Legislators have yet to decide if they want to build a state-based health insurance exchange, but at least one lawmaker wants to explore the options of how best to accomplish that task.
Rep. Fred Wood, R-Burley, a backer of exchange development, told IdahoReporter.com that he wants the state’s two departments working on the idea to explore using private contractors to build the program.
But the head of one of the departments working on it says Wood's idea likely isn't feasible.
Dick Armstrong, head of the Idaho Department of Health and Welfare, told members of the House Health and Welfare Committee that the availability of companies for exchange creation may be limited. “There are only a few companies in this nation capable of doing this,” Armstrong warned.
Though some companies can do it, the director said most are already being utilized by the federal government or other states in the push to build other exchanges before the Jan. 1, 2014, deadline. “These firms are all engaged,” Armstrong said, adding that he’s lost people from within his department who took jobs doing similar work with exchange contractors.
And even if the state could find a way to get contractors to do the work – if eventually approved – Armstrong says hiring them would be cost-prohibitive. “Prices have gone through the roof,” Armstrong said, citing demand from nearly every state to have contractors build exchanges.
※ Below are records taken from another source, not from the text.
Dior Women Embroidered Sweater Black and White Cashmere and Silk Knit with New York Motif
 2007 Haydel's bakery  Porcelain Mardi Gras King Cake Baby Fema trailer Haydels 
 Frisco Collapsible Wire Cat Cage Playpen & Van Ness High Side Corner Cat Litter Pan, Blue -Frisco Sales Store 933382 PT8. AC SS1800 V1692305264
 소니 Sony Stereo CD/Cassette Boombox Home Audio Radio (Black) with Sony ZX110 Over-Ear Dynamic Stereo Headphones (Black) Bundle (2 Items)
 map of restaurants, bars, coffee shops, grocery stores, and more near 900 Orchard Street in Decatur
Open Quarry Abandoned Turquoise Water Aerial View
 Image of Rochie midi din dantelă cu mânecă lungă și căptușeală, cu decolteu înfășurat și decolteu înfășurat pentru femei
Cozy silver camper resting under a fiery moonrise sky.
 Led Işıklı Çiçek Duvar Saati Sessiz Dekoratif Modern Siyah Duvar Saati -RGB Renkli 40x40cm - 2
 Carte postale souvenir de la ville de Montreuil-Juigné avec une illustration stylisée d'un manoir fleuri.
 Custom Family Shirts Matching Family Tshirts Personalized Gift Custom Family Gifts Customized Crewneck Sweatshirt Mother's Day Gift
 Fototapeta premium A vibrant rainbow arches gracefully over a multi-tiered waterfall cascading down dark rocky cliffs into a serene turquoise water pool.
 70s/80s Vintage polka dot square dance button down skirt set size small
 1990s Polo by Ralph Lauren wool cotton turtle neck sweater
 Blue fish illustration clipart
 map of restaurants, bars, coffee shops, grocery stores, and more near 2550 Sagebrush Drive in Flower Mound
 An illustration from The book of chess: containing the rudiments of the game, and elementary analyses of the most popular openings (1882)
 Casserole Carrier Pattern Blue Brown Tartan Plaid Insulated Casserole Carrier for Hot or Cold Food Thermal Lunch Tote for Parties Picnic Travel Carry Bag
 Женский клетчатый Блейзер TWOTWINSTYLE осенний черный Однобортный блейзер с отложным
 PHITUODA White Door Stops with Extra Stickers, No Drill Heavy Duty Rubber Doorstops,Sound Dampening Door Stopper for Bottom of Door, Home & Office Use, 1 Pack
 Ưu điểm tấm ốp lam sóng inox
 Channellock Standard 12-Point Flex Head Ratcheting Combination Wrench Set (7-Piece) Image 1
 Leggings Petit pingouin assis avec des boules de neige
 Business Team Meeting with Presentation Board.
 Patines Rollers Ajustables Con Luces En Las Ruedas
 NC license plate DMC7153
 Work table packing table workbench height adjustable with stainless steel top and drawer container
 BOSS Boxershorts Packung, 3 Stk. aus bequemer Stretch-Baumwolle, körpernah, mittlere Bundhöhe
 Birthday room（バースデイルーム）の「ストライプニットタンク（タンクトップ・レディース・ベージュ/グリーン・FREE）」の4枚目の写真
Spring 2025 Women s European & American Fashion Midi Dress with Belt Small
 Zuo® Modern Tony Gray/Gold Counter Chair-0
Still, Wood is confident contractors will be eyed in the run-up to the exchange vote. “I’m sure we will, but I don’t know yet,” Wood said about exploring contractors to build the program. “We’ll just have to wait and see.”
The Idaho Department of Insurance, the flagship agency in exchange development, isn’t hot on the idea of using contractors, either. In an informational document about the program, DOI officials wrote that, “Health and Welfare has the technical expertise and knowledge” to aid exchange development.
Because DOI and DHW need “tight integration” of their systems in an exchange, insurance officials believe the state is best fit to do the job. “Outsourcing development of an exchange would be far more costly than utilizing DHW’s expertise and their availability of obtaining technical resources.”
Officials have until Jan. 1, 2013, to build a federally-certified exchange. The federal government handed the state $20 million to do the job, though lawmakers are undecided if they will authorize use of the funds.